The Good, The Bad and The Ugly

This is not a review of a specific escape room, but rather a general comment on escape rooms.

The escape room industry is exploding! Every day a new room is opening. I think that with my experience I am qualified to comment on the quality of what I have seen.

Let’s break it down:

The good

Those are the escape rooms that are here to stay. They owners are there to make money of course, but they are not there for the quick buck. As soon as you walk into the lobby and certainly as you enter the room you see the level of investment that the owner has put into the room. NOT necessarily in monetary value, but more so in investing in the game itself. If you’re engaged as a player, if you feel like part of the adventure, if the game makes sense and flows its a good game.

If it’s the fastest hour of your life. It’s a good game.

The bad

You walk into a room and start playing your game. In minutes you just want it to be over. If it doesn’t make sense, if the puzzle is just there because you get the feeling that someone just threw the puzzle in there without connecting it to the story, its a bad game. It can be a million dollar room (believe me, I’ve seen some amazing rooms) but the games just don’t make sense it’s a bad room. And it’s a shame because it ruins it for everyone. There are so many of those around. It sucks when you walk out of a room and feel like you’ve just wasted an hour that you won’t get back.

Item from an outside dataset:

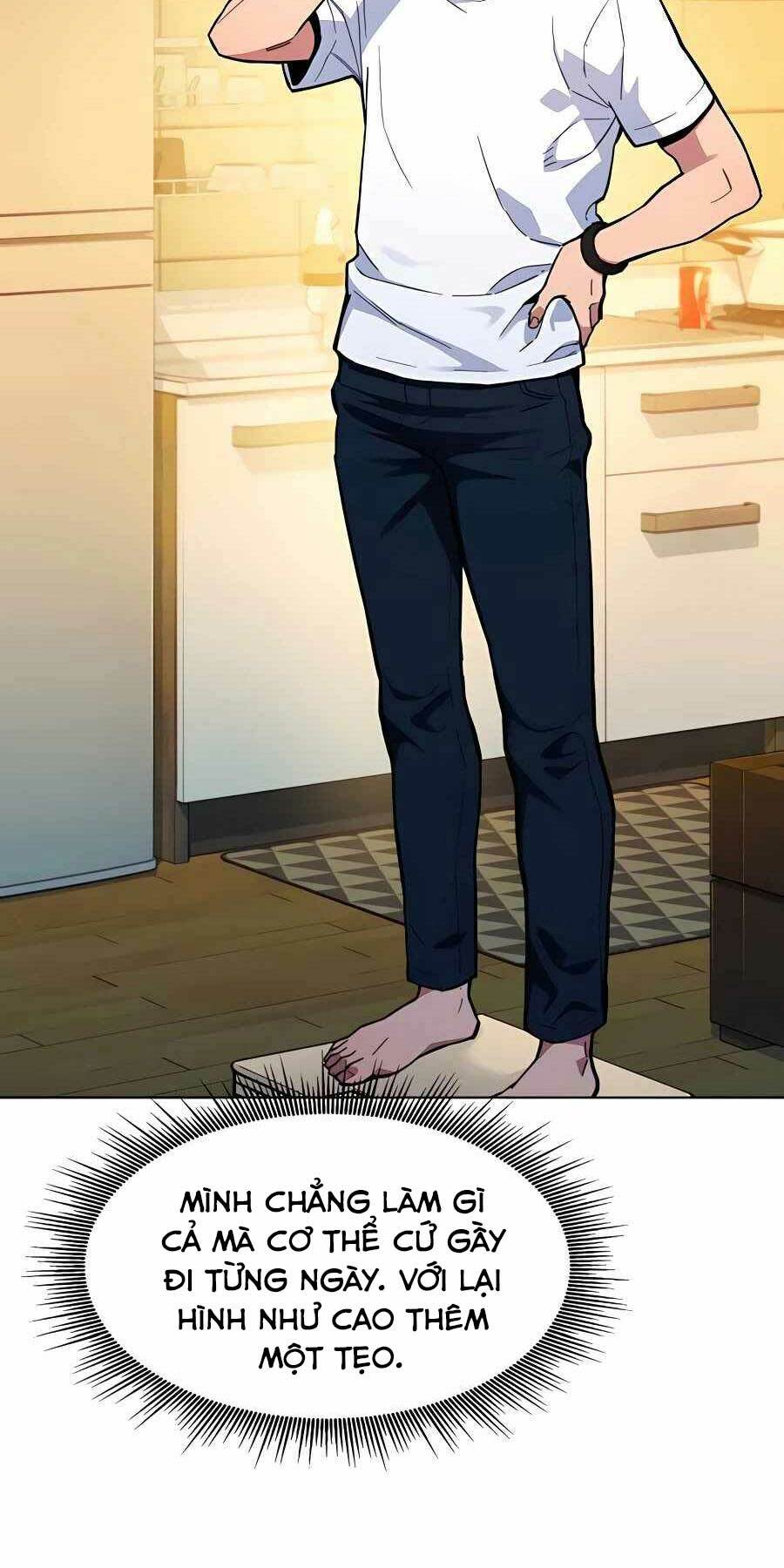 Đi Săn Tự Động Bằng Phân Thân - Chapter 3 - Page 48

It sucks when you try and find redeeming qualities of the experience that you just went through, and you simply can’t find any.

The ugly

These are the worst rooms! Ever! The idea is great, it has so much potential. You’re excited when you read about it on the web site, you’re ready to go as you enter the room. Then in the space of a few seconds, all the wind is out of your sails.

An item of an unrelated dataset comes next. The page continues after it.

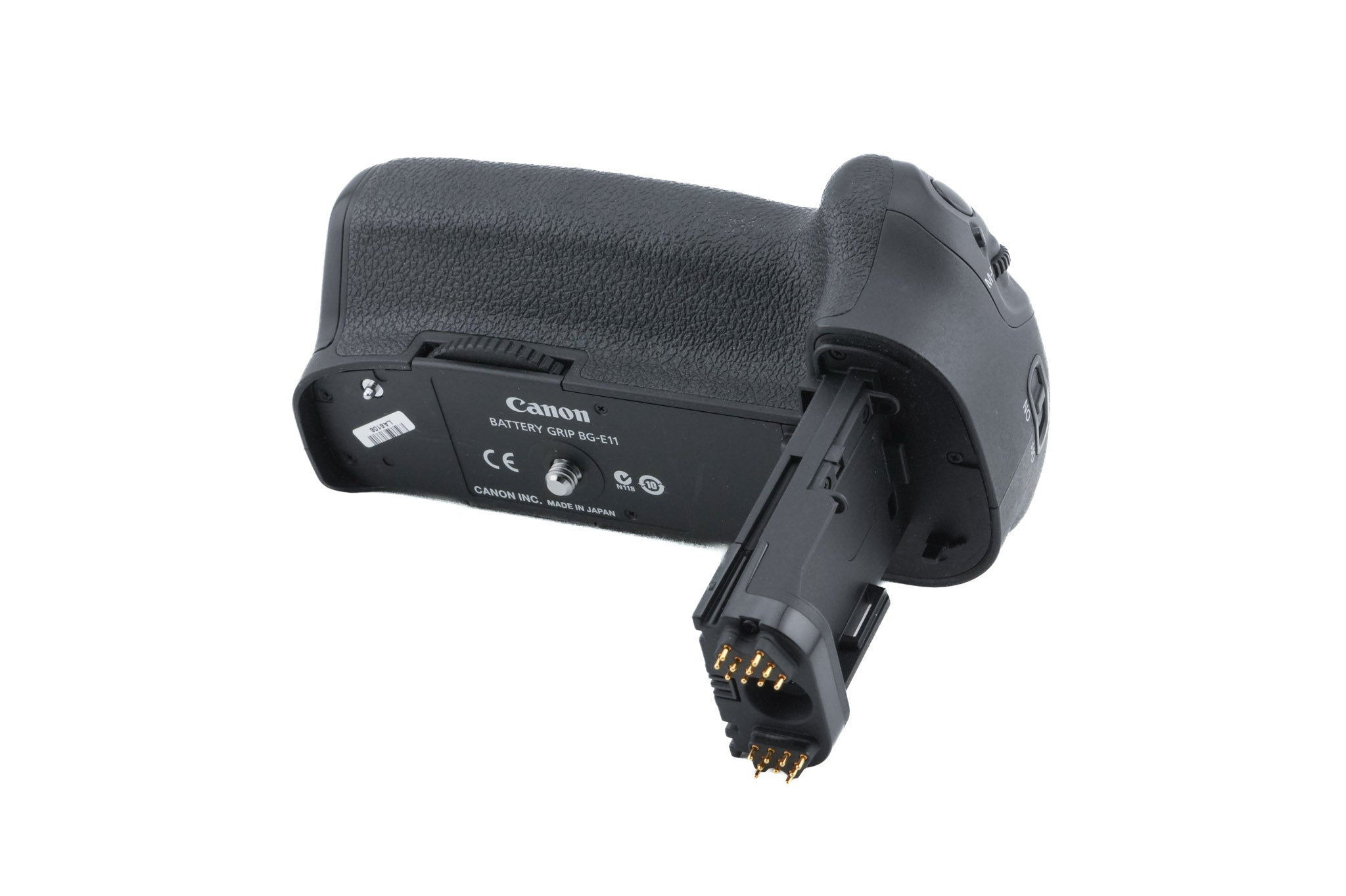 Canon BG-E11 Battery Grip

My pet peeve (among others) are ugly rooms. Those rooms that offer a great idea for a game and then execute them like an after thought.

Owners, please for the love of everything holy. If you have a great idea, make sure that you put an effort into bringing it to life, because I’ll come and play it.

Don’t make me hate you.

Verbal Diarrhea

I have verbal diarrhea. This blog is a collection of reviews that I have collected over the past four years or so. I am publishing these posts in quick sequence because I have finally decided to get off my back side and do something about it.

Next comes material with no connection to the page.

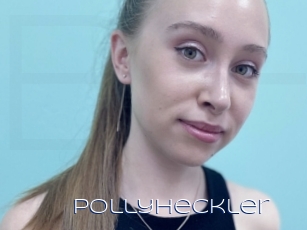 Pollyheckler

Although I may not remember exact dates, I will try and publish my reviews and thoughts as soon as I can.

But I promise from now on that any time I do a room in the future I will publish as review as soon as I can.

My First Wow

As I mentioned in my last post and my introduction I’m an engineer. My work takes me to many places around the world and allows me to play rooms all over the globe. This time I landed in Tucson, Arizona.

Again, a quiet night with little to do. So….

I went looking for an escape room. I came across Escape Room Tucson. I know this is a shout out to them, and I am not affiliated with them. But I need to set some ground rules. When I post a review, if it is a good review I will mention the name of the establishment and if my experience was not so good or down right bad, I won’t mention them by name.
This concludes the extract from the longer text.